During 1980, almost 100 years after the first surf life saving clubs formed in the Illawarra, women became fully fledged life savers when they received their ‘bronze medallion’.
The bronze medallion course provides participants with the skills and knowledge of patrolling and surf awareness in order to be able to participate in lifesaving operations. This is the core award to be a surf lifesaver in Australia.

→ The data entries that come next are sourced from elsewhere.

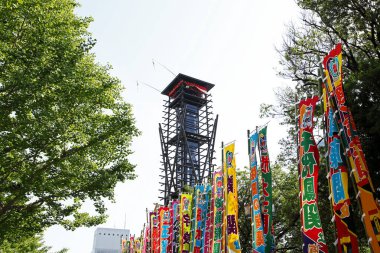 Festival Sancaklarının Çerçevelediği Geleneksel Kulesi olan Uzun Kafes Kulesi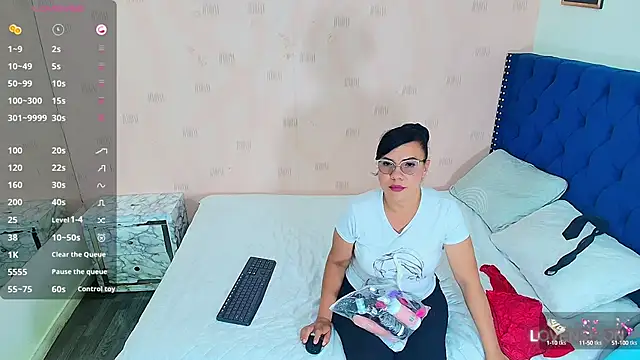 hotlatinateacher online show from February 18, 2025, 7:19 pm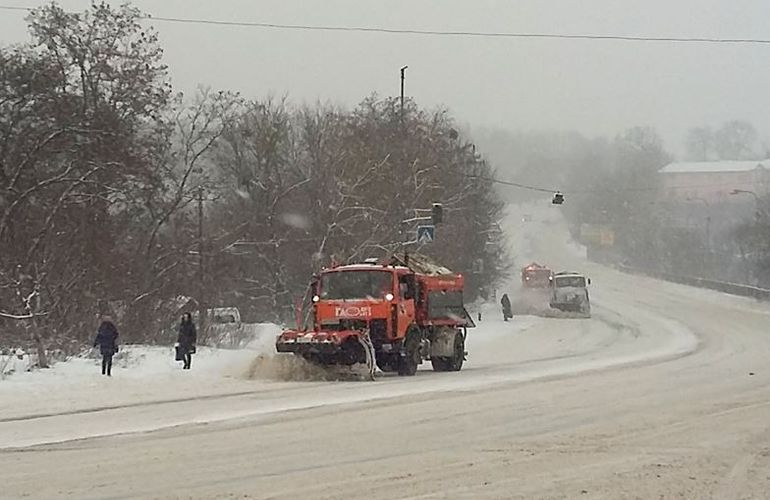 В Житомире за сутки выпало 19 см снега. Дмитрий Ткачук рассказал, как город справляется с последствями непогоды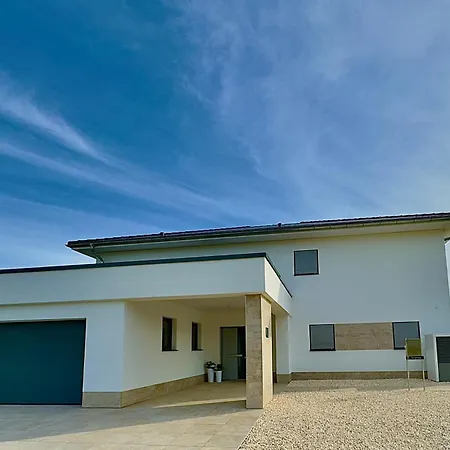 Luxurioese Moewengefluester - 220qm Grosse Fuer Bis Zu 8 Gaesten Mit Sauna Direkt Am Goitzschesee Villa Pouch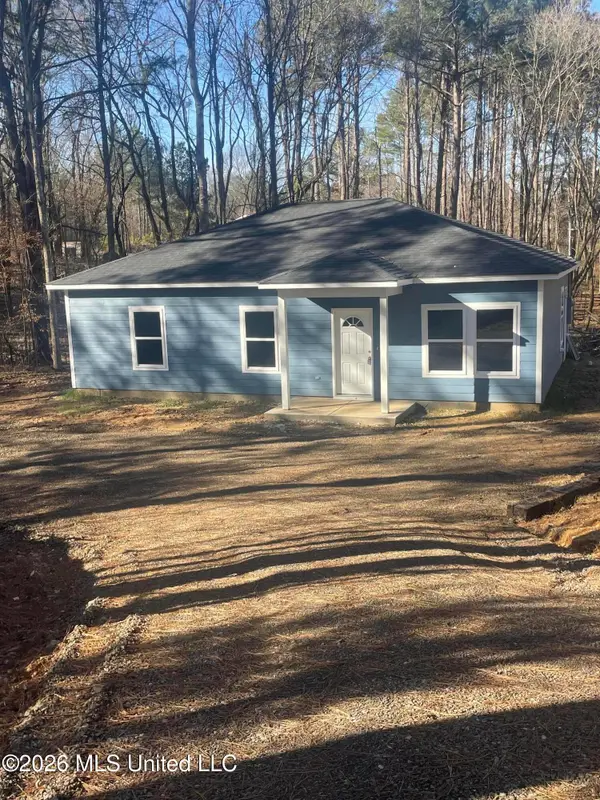 127 Ridge Road, Sarah, MS 38665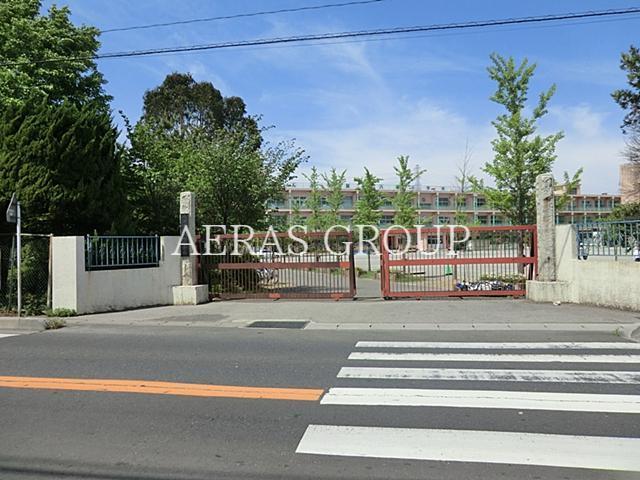 小学校　八潮市立八幡小学校（小学校）まで626m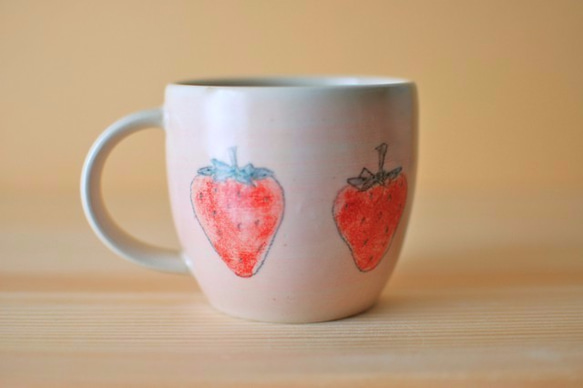 苺のピンクマグカップ 3枚目の画像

Surf Life Saving Illawarra deputy president, Dan Meehan said 2020 marks the 40th anniversary of the first women to do their ‘Bronze’ in the Illawarra, enabling them to be “full lifesavers”.
Dan played an important role in the historic milestone. He took the four women through their tests on Austinmer beach in 1980 and he has provided these photos for publication.
“I trained them when I was the ‘beachie’ there,” he said.
“A group (of girls) from Port Kembla were earlier, but they flew up to Coffs Harbour where it was warmer. These (women) were the first to do it in the Illawarra.”
The first four young women who successfully gained their bronze on an Illawarra beach were:
- Sue Martin
- Kathy Cox
- Myrilyn Endrulis
- Maryanne Spiers
From the four, Sue Martin is the only woman remaining in the region. These days Sue is with Sandon Point Surf Club, and is a theatre nurse at Wollongong Private Hospital.
Kathy Cox, who was pregnant during her bronze (but no one putting her through the test knew) was an Hawaiian surfer. She has since died while in the United States of America.
Myrilyn Endrulis lives today in Victoria, while Maryanne Spiers became Australia’s first female lifeguard with Wollongong City Council. These days she is in Bilgola Surf Club.